Exercise goal
Please, without any pictures, set down exactly the part of the listing below that opens with the line containing "TAC T1 Sport" and closes with the line containing "05.02(1) REAR AXLE EXTENSIONS AND TIRES".
───── Dataset records
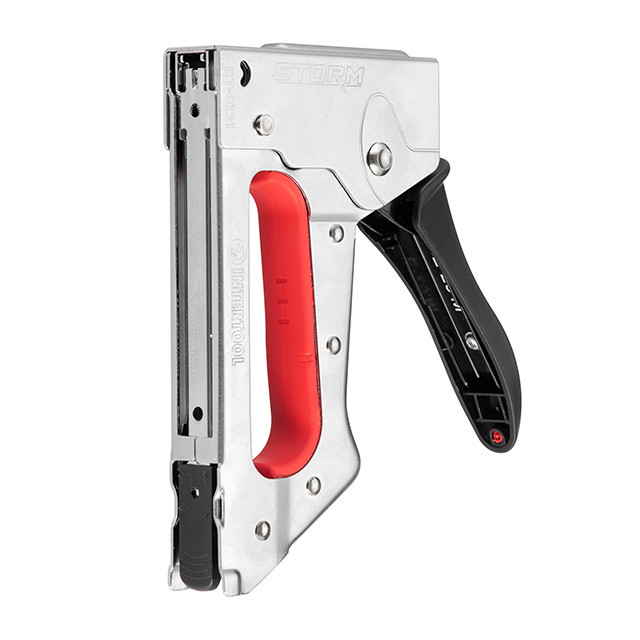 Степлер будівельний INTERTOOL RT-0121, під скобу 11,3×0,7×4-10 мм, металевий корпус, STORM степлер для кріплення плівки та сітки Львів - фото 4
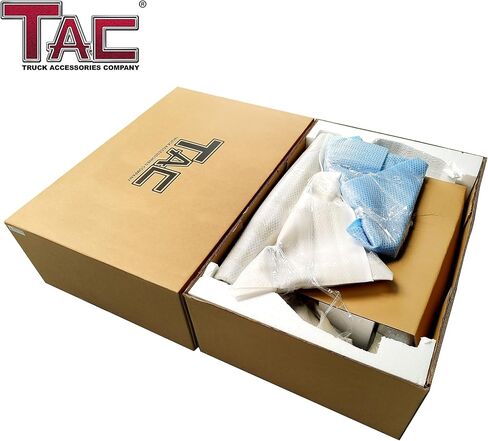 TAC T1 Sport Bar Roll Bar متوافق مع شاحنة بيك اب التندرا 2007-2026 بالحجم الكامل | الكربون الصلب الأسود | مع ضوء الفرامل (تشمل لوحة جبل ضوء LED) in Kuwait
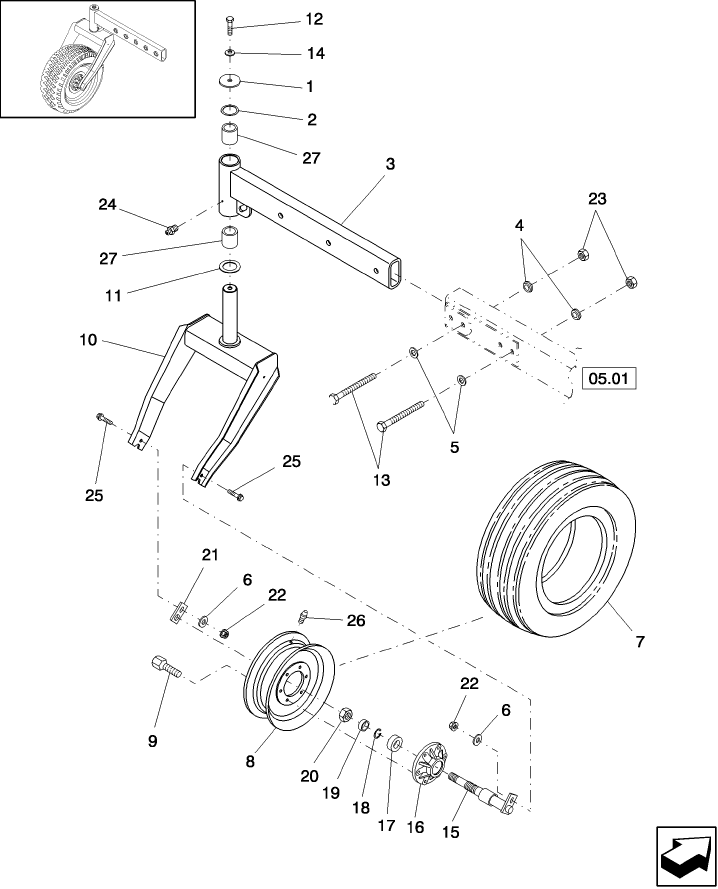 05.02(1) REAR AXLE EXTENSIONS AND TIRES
──────────
───── Dataset records
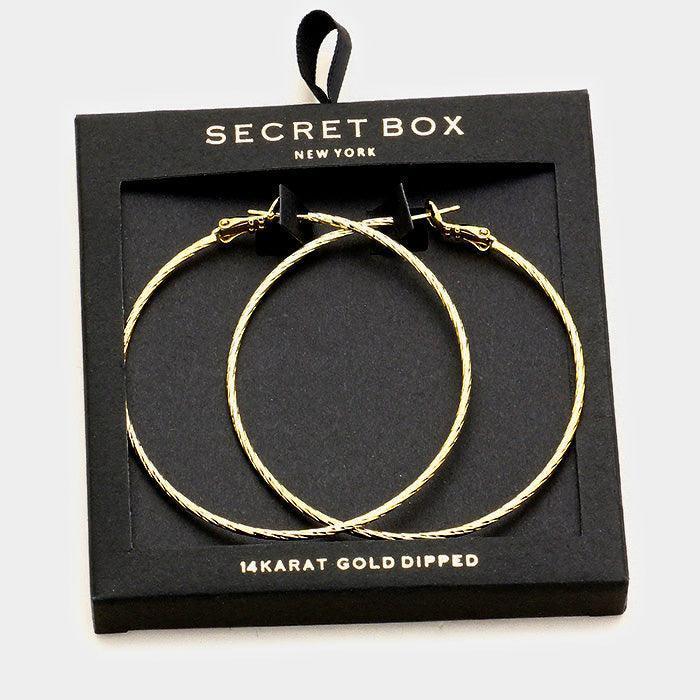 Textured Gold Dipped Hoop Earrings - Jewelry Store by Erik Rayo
──────────
Exercise output
 TAC T1 Sport Bar Roll Bar متوافق مع شاحنة بيك اب التندرا 2007-2026 بالحجم الكامل | الكربون الصلب الأسود | مع ضوء الفرامل (تشمل لوحة جبل ضوء LED) in Kuwait
 05.02(1) REAR AXLE EXTENSIONS AND TIRES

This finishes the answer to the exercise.